= Steelville, Pennsylvania =

Unincorporated community in Pennsylvania, US

Steelville is an unincorporated community in Chester County, Pennsylvania, United States. According to the 2016 census, the town has not been included in past census counts because the town is so small. It lies next to the Octoraro Creek: the border line between Lancaster County and Chester County.

==History==
Steelville occupies land adjacent to Atglen which was formerly wilderness. Native Americans roamed the land during this time, and primarily used trails such as the Great Minquas Path to access trade routes and trade with the English settlers. In 1875, the borough of Atglen was established and now includes Steelville. The town is also a member of West Fallowfield Township that was developed in 1878.
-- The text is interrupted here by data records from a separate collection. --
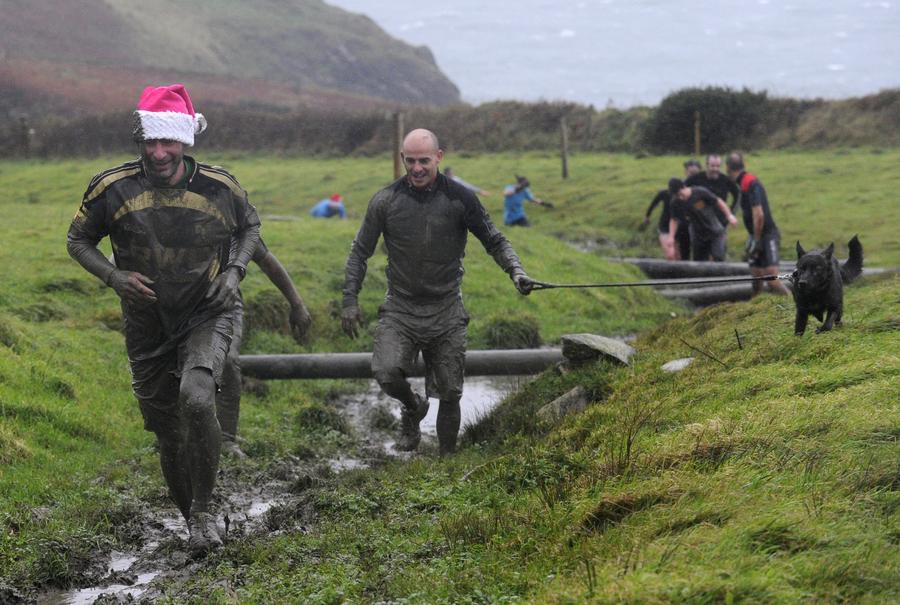 Brave competitors swamp in Christmas mud run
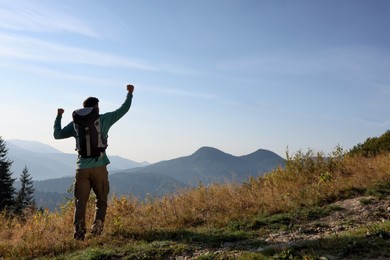 Photo of Tourist with backpack in mountains on sunny day, back view. Space for text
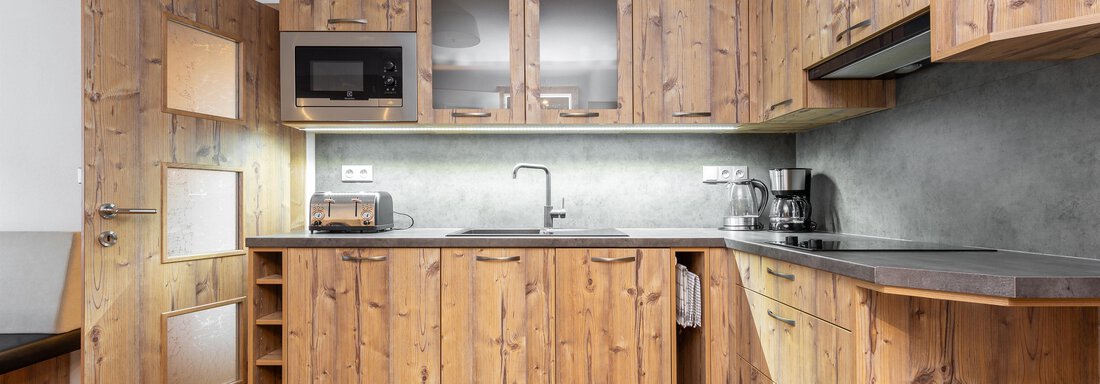 A modern kitchen made of wood with clean lines and elegant appliances. The atmosphere is warm and inviting. - Garni Stefani - Vent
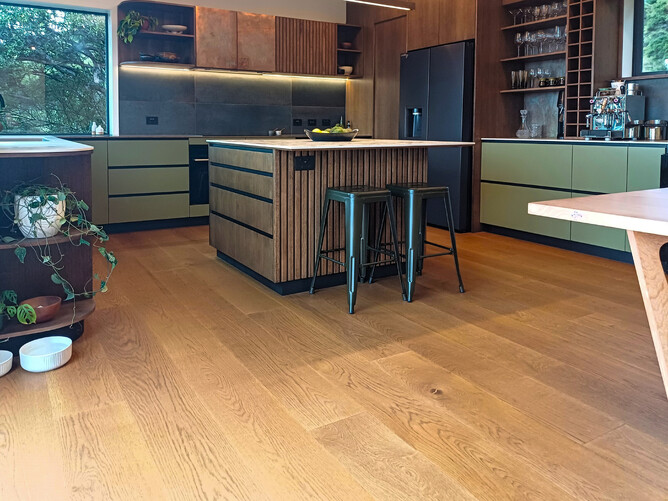 A modern kitchen with green and black accents and natural vintage oak flooring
A few organized religious groups began developing in the surrounding area, including the Presbyterians. Presbyterian churches and Quaker meeting houses began to form. A few families from these religious groups formed the town of Steelville, as the English began to settle most of what is now the East Coast, United States. One of these families was the family of William Steele, who settled in Steelville in 1750. He resided here in 1814, where he had a son, Franklin Steele.

==Geography==
Steelville is located at (latitude, longitude). It is generally contained within the perimeter of Bailey's Crossroads Road, Schoff Road, and Steelville Road. The elevation in Steelville is 390 ft above sea level.